Some Govt policies ‘taking New Zealand backwards’ – Hipkins

By and is republished with permission

Some policies brought in by the new government are taking New Zealand backwards, according to Labour leader Chris Hipkins.

The Labour leader said a lot of what the new government is doing “should have been left in the ’60s”. (Source: Breakfast)

Speaking to Breakfast this morning, the former prime minister said a lot of what the government is doing “should have been left in the ’60s”.

“Things like the abolition of the Māori Health Authority, which is designed to give Māori greater health determination when it comes to their healthcare, the abolition of that is a massive step backwards.

“I think they’re going backwards on a whole lot of progress that we’ve made across successive governments, including National governments, over the past three or four decades. I think it really is taking New Zealand backwards.

“We’ve made a lot of progress in our approach to Māori issues as a country during my lifetime, and I think it’s a shame that for the first time we’re seeing a government that’s actively trying to take things backwards in that area.”

It comes after protesters angered by what they believe the new government’s policies will mean for Māori took to the streets this morning. It came as MPs for the 54th Parliament were sworn in.

Hipkins said protests are a “legitimate” part of democracy, “just as farmers are entitled to block the roads with their tractors when they’re unhappy, Māori were fully entitled to protests yesterday as well, I think we should celebrate the fact that we live in a democracy where everybody can protest and express their views”.

Asked if “going backwards” is racist policy, Hipkins said: “On a case-by-case basis there are some, I just think they are backwards-looking, they reflect a view of the world that probably should have been ditched in the ’60s”.

Asked what Labour is doing to support Māori, Hipkins said his party has always had a strong relationship with Māori.

“We will continue to speak up on issues, my message to non-Māori New Zealanders is that you have nothing to fear from Māori getting ahead and us dealing with some of these historical inequities that have been really unfair, really discriminatory.

“We all stand to gain from seeing Māori thrive and flourish in New Zealand,” Hipkins said.

Yesterday, Prime Minister Christopher Luxon called the criticism surrounding the new government “unfair”.

“I think it’s pretty unfair to be honest.

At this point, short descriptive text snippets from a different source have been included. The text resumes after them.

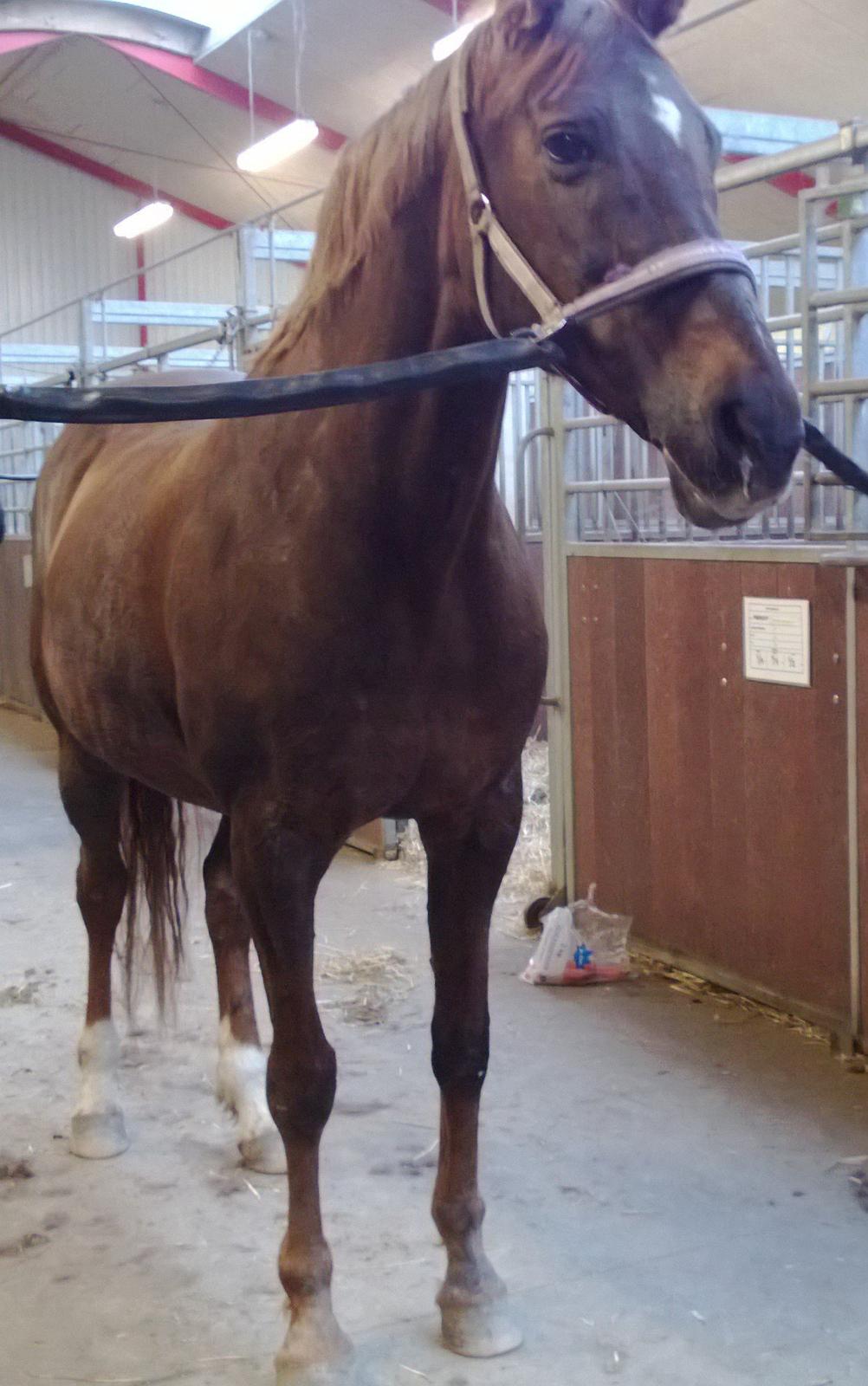 Anden særlig race Melissa billede 16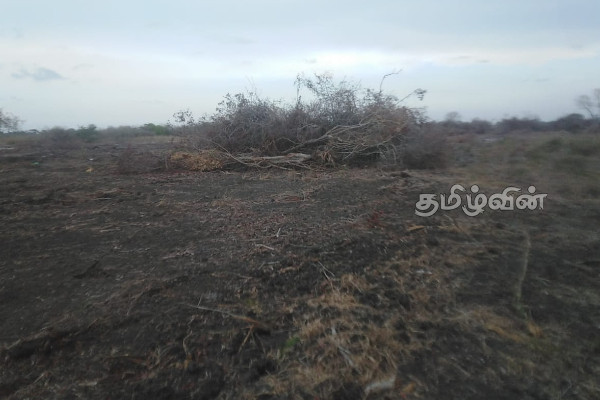 மன்னாரில் அரச காணிகளை துப்பரவு செய்த மர்ம நபர்கள்: பொலிஸார் மேற்கொண்ட நடவடிக்கை (photos) | Mannar Royal Land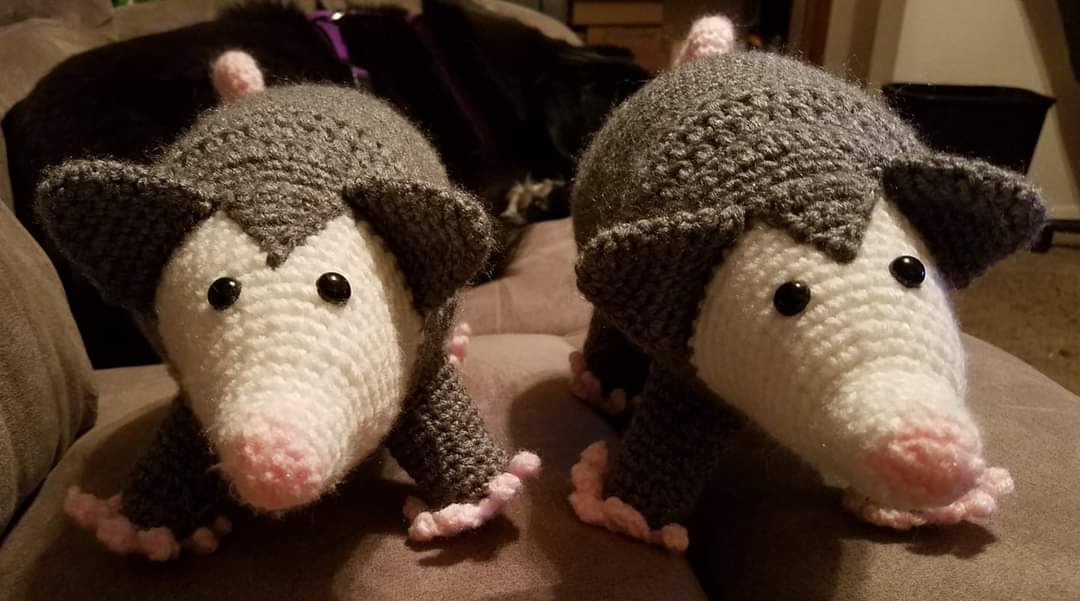 Adult Opossum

I think the reality is we’ve been in government for a week, we are going to get going and we are going to get things done for Māori and non-Maori, and that’s what our focus is going to be.

“As I’ve said, we are a government which has been here for a week, we are here to deliver for New Zealanders, for all New Zealanders, that’s up to them to choose the language they want to use but I think it is entirely inappropriate.”

He also said he has had “constructive sessions” with iwi leaders to “work together” in improving outcomes for Māori.